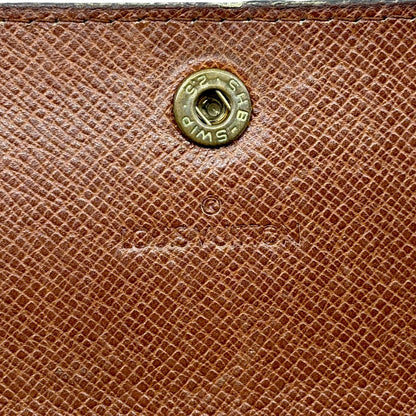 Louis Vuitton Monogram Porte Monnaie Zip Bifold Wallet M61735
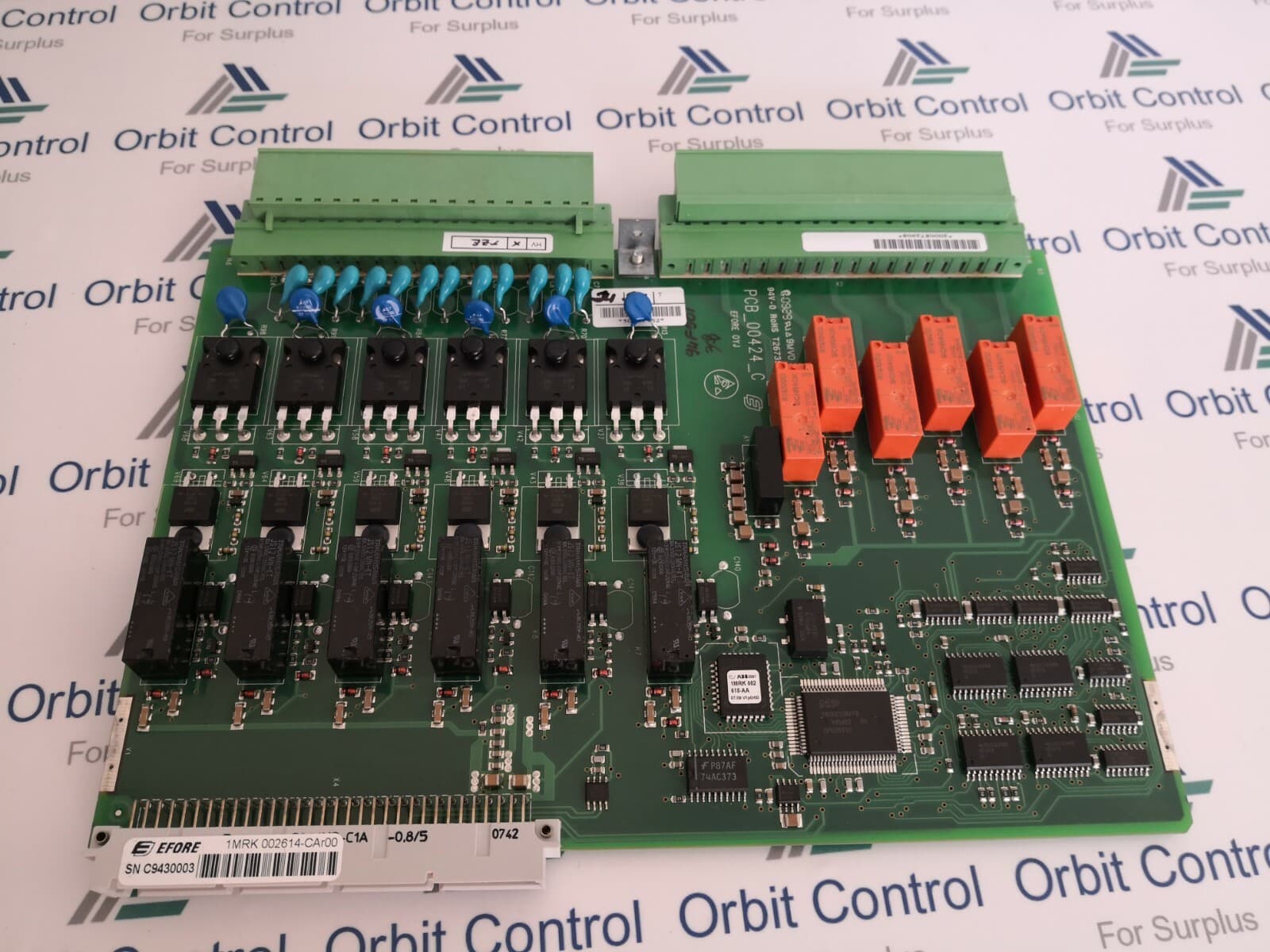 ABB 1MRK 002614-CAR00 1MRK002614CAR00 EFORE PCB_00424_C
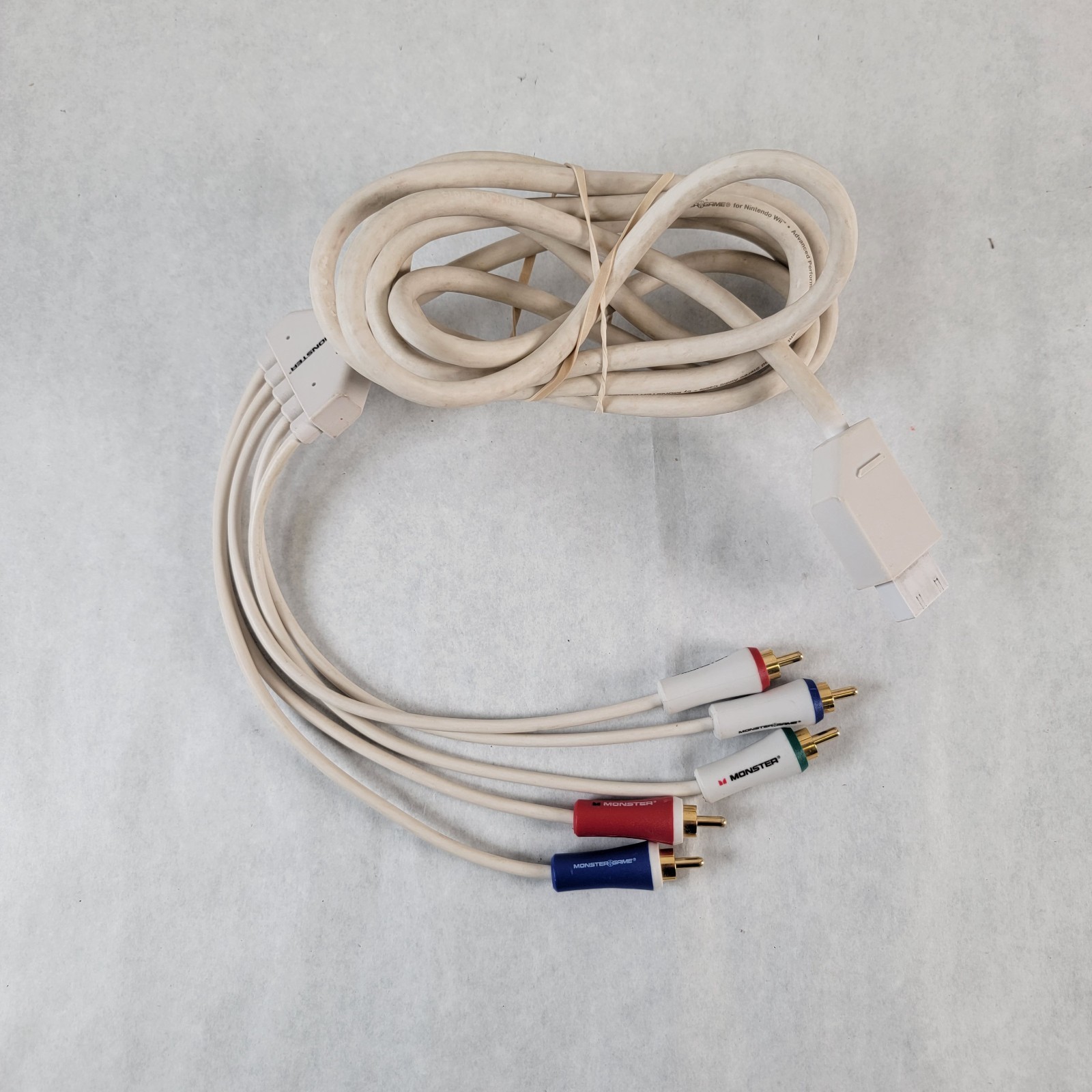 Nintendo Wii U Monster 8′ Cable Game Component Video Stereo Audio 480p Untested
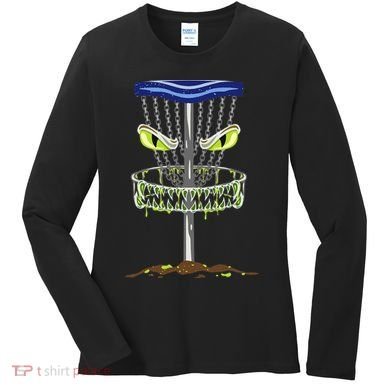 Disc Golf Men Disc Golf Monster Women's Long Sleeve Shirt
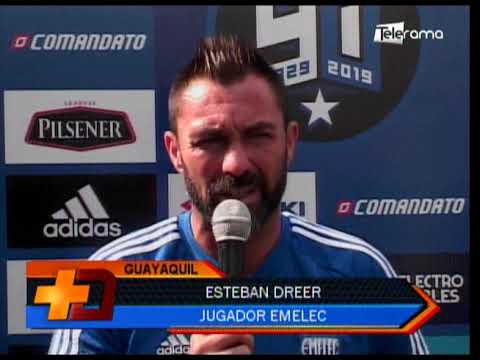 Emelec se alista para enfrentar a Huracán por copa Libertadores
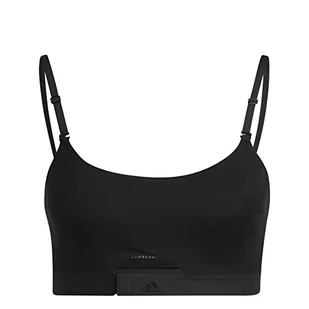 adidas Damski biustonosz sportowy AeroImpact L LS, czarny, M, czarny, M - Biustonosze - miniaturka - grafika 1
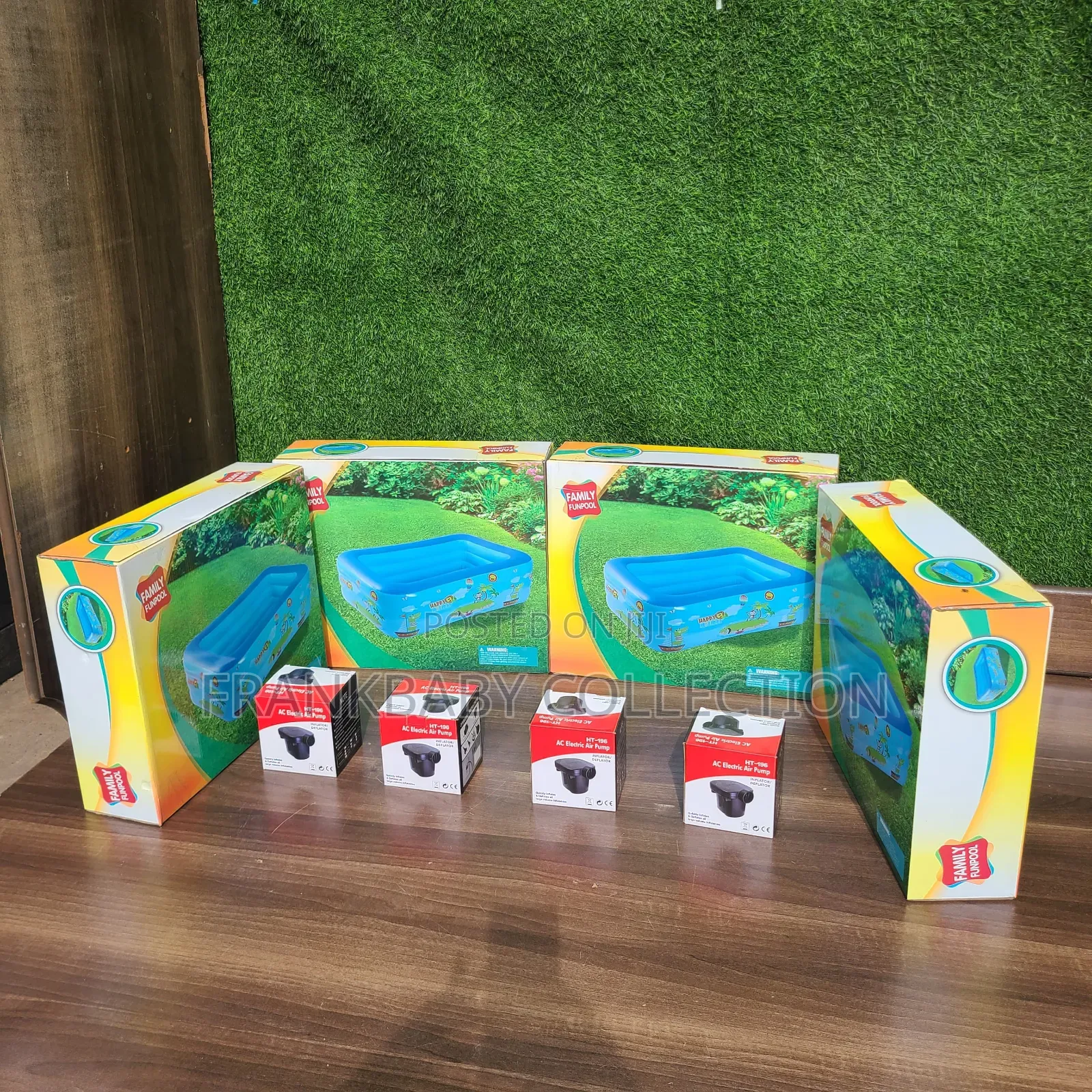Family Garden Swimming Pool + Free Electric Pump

__________

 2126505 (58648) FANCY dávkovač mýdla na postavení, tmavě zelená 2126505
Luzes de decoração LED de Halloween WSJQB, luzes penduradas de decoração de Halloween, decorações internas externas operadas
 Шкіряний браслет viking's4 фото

__________

Goal of the exercise
Using the entries above, write out exactly the lines from the one with "Louis Vuitton Monogram" through the one with "Disc Golf Men", ends included. Leave out any pictures.

Response area
 Louis Vuitton Monogram Porte Monnaie Zip Bifold Wallet M61735
 ABB 1MRK 002614-CAR00 1MRK002614CAR00 EFORE PCB_00424_C
 Nintendo Wii U Monster 8′ Cable Game Component Video Stereo Audio 480p Untested
 Disc Golf Men Disc Golf Monster Women's Long Sleeve Shirt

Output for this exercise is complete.